Task requirements: The records below are to be set down word for word, with every picture left out.
● ● ●
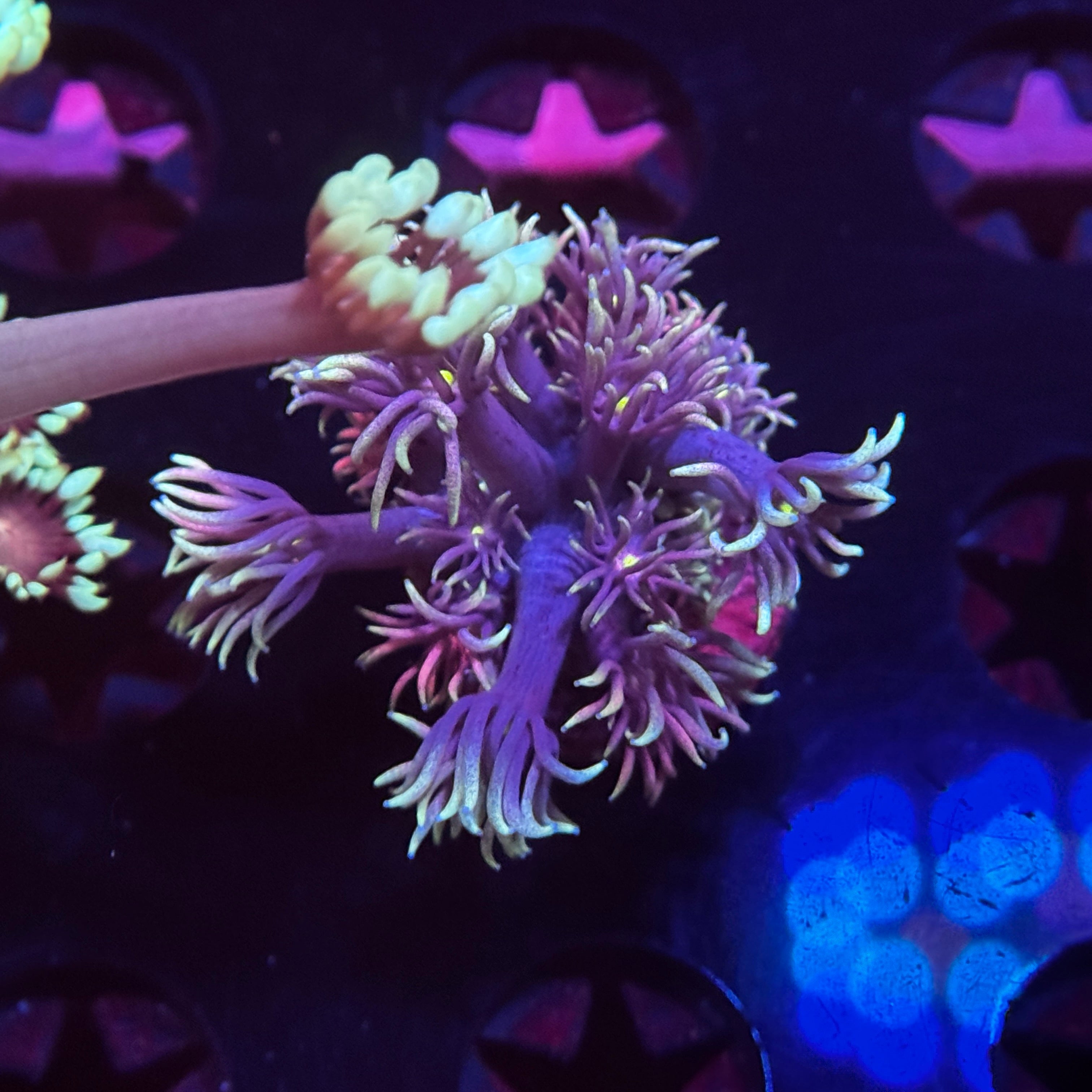 Bright Light Goniopora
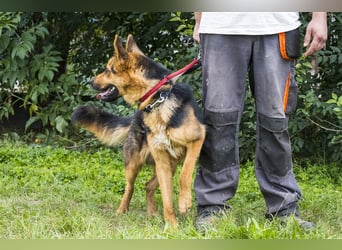 Franko SI – freundlicher Rüde sucht neues Zuhause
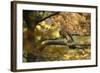 Kestrel, Falco Tinnunculus, Female-Andreas Keil-Framed Photographic Print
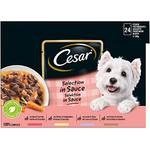 Cesar 4008429079573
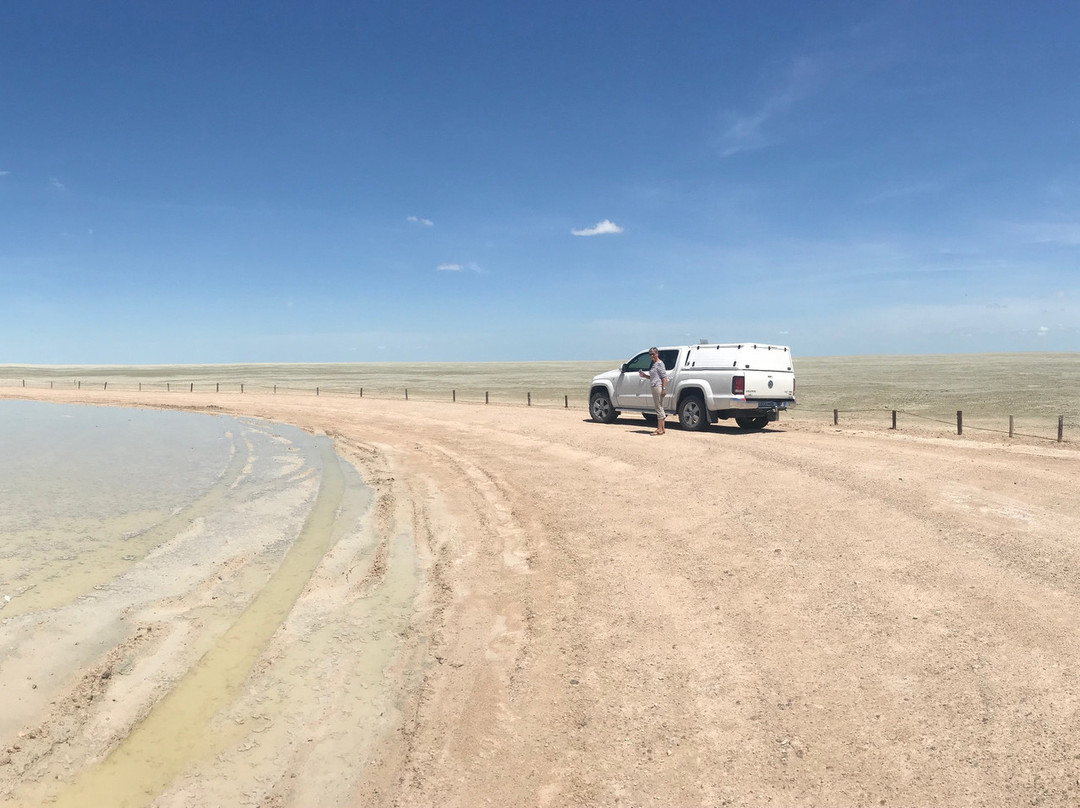 Explora Expedition-纳米比亚埃托沙国家公园必去景点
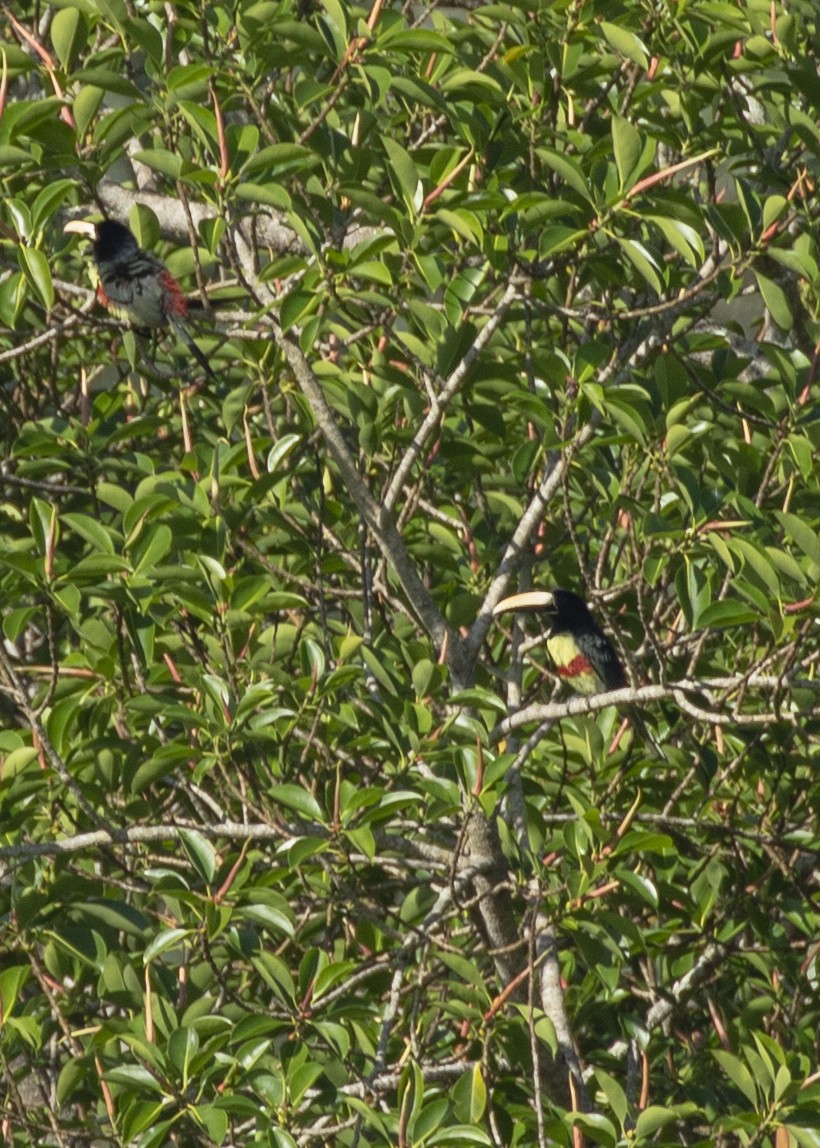 Black-necked Aracari - ML616465614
● ● ●
Solution to this exercise:
 Bright Light Goniopora
 Franko SI – freundlicher Rüde sucht neues Zuhause
 Kestrel, Falco Tinnunculus, Female-Andreas Keil-Framed Photographic Print
 Cesar 4008429079573
 Explora Expedition-纳米比亚埃托沙国家公园必去景点
 Black-necked Aracari - ML616465614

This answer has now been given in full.